Ella smiled and stroked her fingers on his shell. She’d been thinking of making it fur for the tactile sensation. Or perhaps feathers, although Bug could not fly.

His chirp and nose-rubbing routine was a little tiresome but at the same time it was wonderful because it was emergent behavior. He did not have one rule that told him to do those things. They had appeared from the thousands of rules she’d programmed in him. When they spoke he chirped and rubbed. If she was sad, he sometimes touched his nose against her hand, cat behavior breaking through.

Another reason to cover him in fur.

Bug’s emergent intelligence was even stranger for the fact that it had arisen from just six new rules being added to his programming. He had changed from bug, a dumb robotic-flesh hybrid, to Bug, a clever, thinking and responsive creature. Even more odd was when she removed the six new rules he did not revert to his old stupid self. He remained clever.

The mystery of it was delicious and gave her something to focus on.

Ella checked the time—it was nearing twelve. Another ten minutes or so. Soon the white blocks would start humming, the people would worry and shortly thereafter their worries wouldn’t matter because they would be component atoms, recycled into the Machine to be remade again.

She glanced at the screen (muted) and tore off another small square of paper she’d soaked with her own version of LSD. She put it in her mouth and let it diffuse into her saliva.

On her fortieth birthday (counting birth as the day she awoke on the floor naked) she’d received three extraordinary gifts.

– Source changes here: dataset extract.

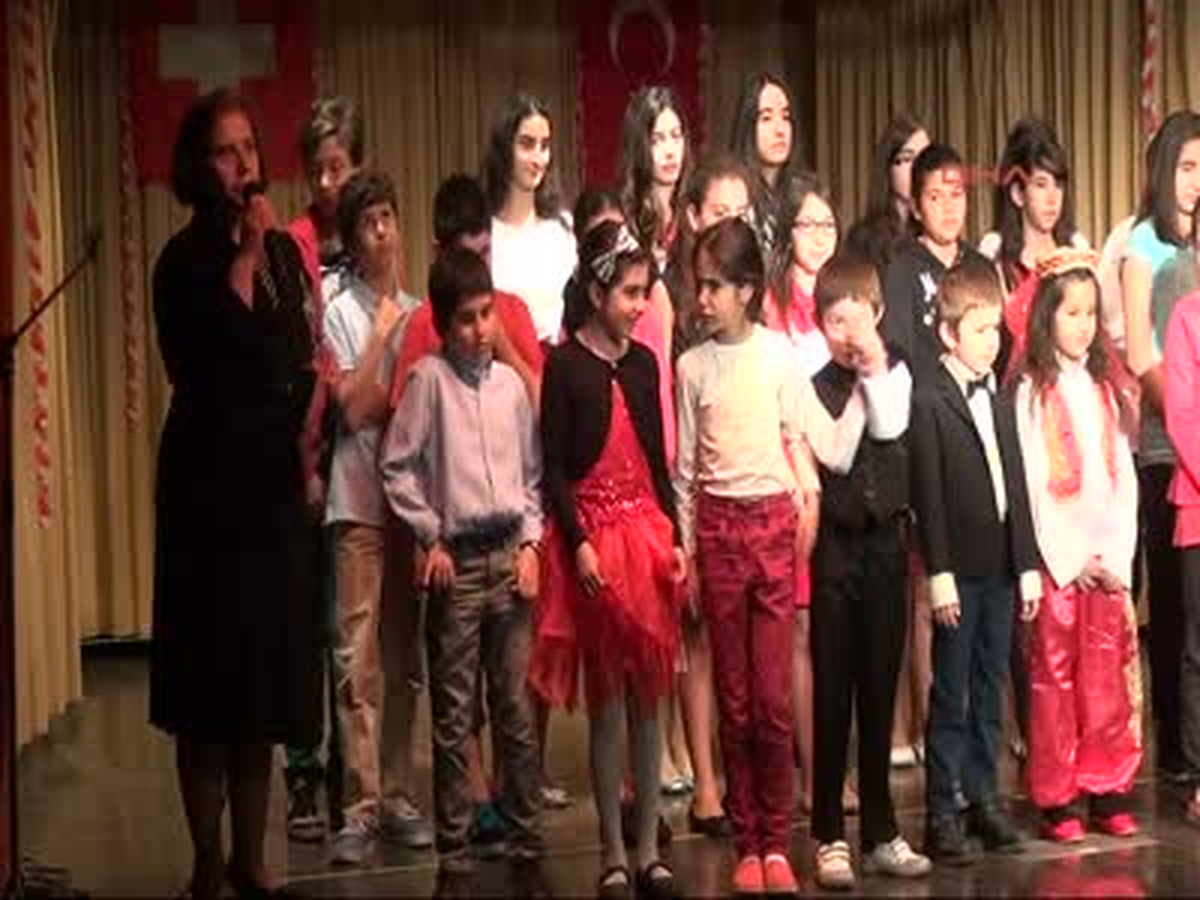 Cenevre\'de 23 Nisan Kutlaması Cenevre\'de 23 Nisan Kutlaması Cenevre\'de Europ Türk Okulları Enstitü...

The first had been finding a code fragment that linked to another and another. She’d pulled on a thread and instead of it snapping she’d hauled up an entire program. Once she assembled it, she saw she could send instructions to distant hasdees. She found a hasdee in Cago and told it to print a pap cube. Then she watched on the screen as a hasdee in an empty room spat out a cube on its own.

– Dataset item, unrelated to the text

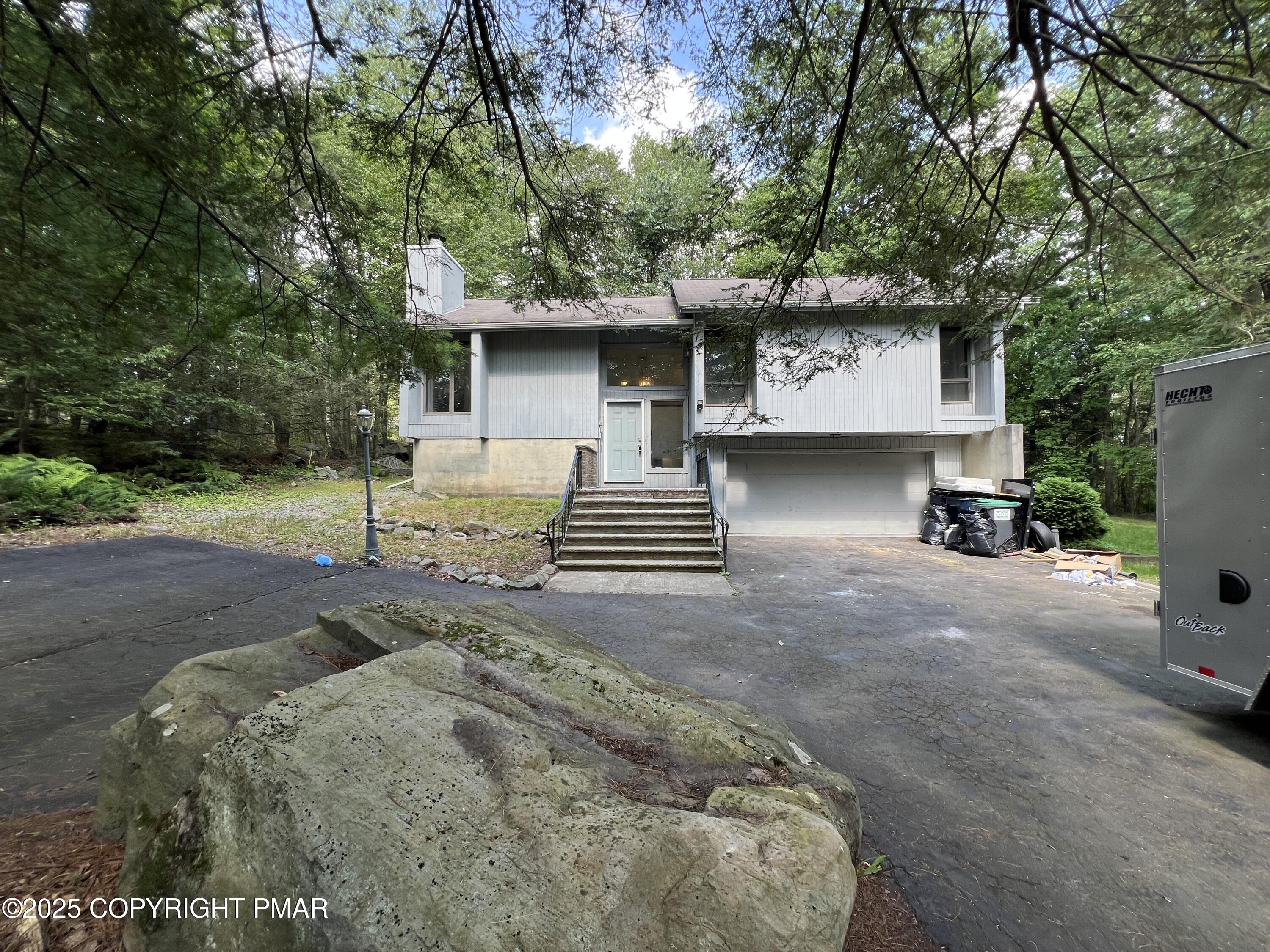 2533 Country Club Drive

The second had been the confirmation of the nanites. She’d had a long-running program analyzing the ones that lived in the heal and searching for others similar in nature. Eight years it had been sifting through the flow and on her birthday it found them. As she suspected, they were everywhere. Every surface of the cities she watched was covered in them. They were in the cells themselves of the people. They interfered down at the cellular level, ensuring the same people were born again and again. She had an answer as to her magic screen that could see anything and everything. The mystery of the complete lack of vegetation was solved—the nanites destroyed any plant that attempted to grow. That conclusion birthed a new hypothesis: there must be green somewhere in the world or there would be no oxygen in the air. She saw the nanites for what they were: total control, total surveillance. The nanites ensured nothing grew so the people were reliant on the Machine.